The other method of negotiation is positional negotiation (which is commonly used by aggressive negotiators) - often called "zero-sum" negotiation or win/lose negotiation.
Question Nine:
How many steps are there to framing?
There are seven steps to follow in framing a conflict:
A) Define the people involved in the conflict
B) Define the problems of the particular conflict
C) Examine the history between the parties to the conflict
D) Discuss preferences of the parties for processes to be used in negotiation
E) Determine the expected outcomes of each party
F) Prioritize the various outcome possibilities
G) Create, evaluate and exchange stakes
Question Ten:
What are the stakes in a negotiation?
The stakes are those things which may be gained or lost in the negotiation - the matters at issue. They are the costs of settling, not settling or delaying. They are the benefits of settling, not settling or delaying. And they may even be the costs or benefits of the negotiating process itself - adding or detracting from the relationship between the parties. Item seven of the prior question on framing lists several questions to determine the stakes in a particular situation.
You can find the stakes in a negotiation by asking the following questions:
A simple answer might have been:
The stakes are what the other side is offering that you want, the results of settling that are painful, the things that might be created by the parties, and the uncertainties that might come to pass (and from which we might be able to create a settlement).
Question Eleven:
What are the pressures on health care? Discuss several of them.
There are a large number of factors placing pressures on health care: Financial, political, government and statutory, managed care, ethical issues, aging population demographics, public perception and opinion are just some of them.

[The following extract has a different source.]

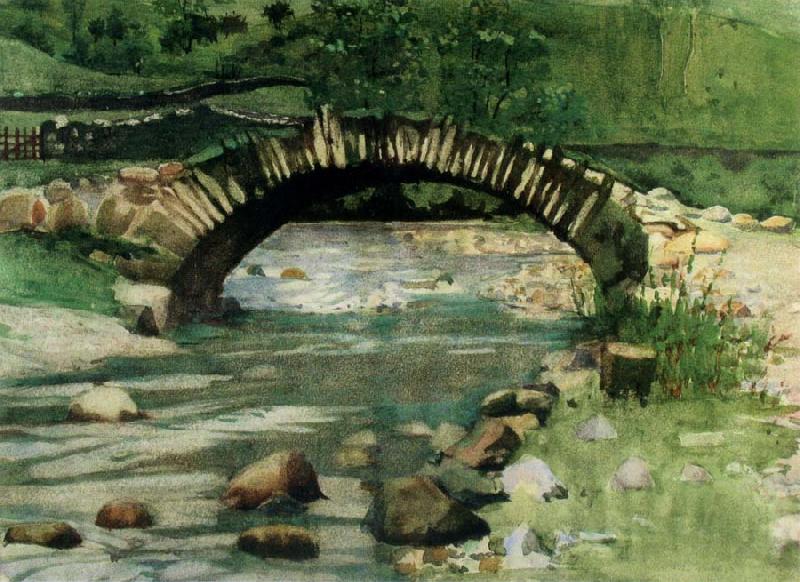 William Stott of Oldham A Bridge China oil painting art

Financial pressures are extreme - there is an almost unlimited cost of medical treatment and only limited resources that exist to pay for it. There is a resulting pressure to do more with less. A simple example is replacement of staff time by use of voicemail and automated telephone systems - patients become frustrated that they cannot talk to a human being, but only can reach a telephone answering tree that requires them - at their peril - to pick from one of the offered choices, rather than speak to someone knowledgeable who can help them. Huge sums of money are required to pay for highly technical equipment, and it is often unavailable to most patients because their insurance does not cover it, such as laser eye surgery.
Managed care is perhaps the most extreme pressure on health care today. Excepting the few hospitals that rely on charitable funding and don't charge (i.e. the Shriners' burn centers and Masonic children's hospitals,) almost all health care providers have to function with the constraints of HMO's, PPO's, Medicare, and other forms of insurance and medical coverage. These constraints are a major source of friction between the providers and those fiscal intermediaries who dictate what care to a given patient will be reimbursed. Many physicians contend that they are being told how to practice medicine by those fiscal intermediaries; many patients contend that they are being told they can't get proper medical care by those same fiscal intermediaries.

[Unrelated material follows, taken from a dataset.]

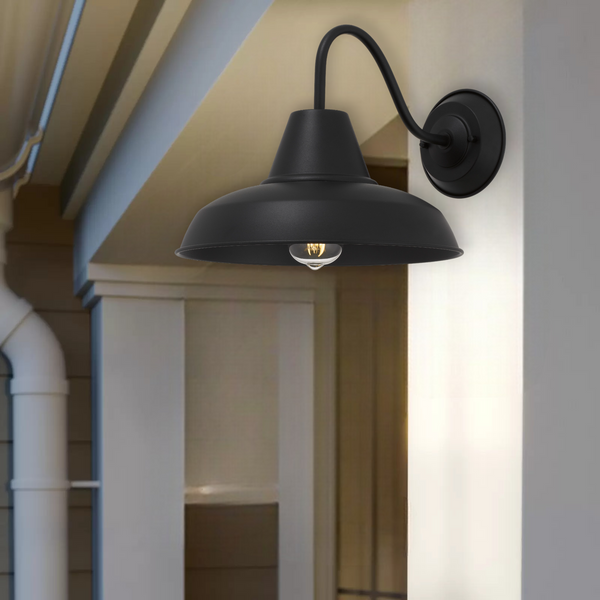 Telbix Gordon Exterior Wall Light Black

An aging population is yet another pressure on health care. Not only is it changing the nature of practice to require more geriatric practitioners, it is also allowing the population to live long enough to greatly increase the number of people afflicted with diseases that previously were relatively uncommon - simply because people died of something else before they were in the high risk zone for those diseases. Also, the aging population requires a great deal more in the way of prescription medications than a younger population - often at huge costs - and not covered by Medicare, resulting in greater governmental pressure for a prescription drug program for the elderly. The aging population means a much greater percentage of the population is making significantly greater demands on the healthcare system.
Question Twelve:
What is the strongest change in vocabulary that you can make in a framing/reframing situation?
The strongest change one can make in vocabulary in framing/reframing situations is to delete the word 'but' and insert instead the word 'and.' This often works well when engaged in active listening, for example, saying "I appreciate that ...." - with no "but" afterwards, instead saying something such as: "and here is another factor for us to consider " or "I would like to go to dinner with you, and I have a homework assignment to grade" or "I understand that you want the car for a date and that your sister needs to be dropped off at piano lessons."
Question Thirteen:
If you have to deal with a politician, what are some of the things you can do?
In dealing with a politician, ask oneself several questions:
A) Which question are they really asking?
B) Who should be asking the question/on whose behalf is the question being asked?
C) Do we need a systems solution or an isolated solution for this problem?
D) Is a central system a help or a hindrance for this problem?
E) If I narrow my role, will I be ignored?
F) If I expand my role, do I become more important?
Question Fourteen:
What is the role of a mediator?
It is the mediator's role to assist the parties by:
A) Continually asking process questions, such as: What can the parties offer? What are the key misunderstandings? What are the parties' interests? What are the lies and the exaggerations? Are the parties exchanging equal value?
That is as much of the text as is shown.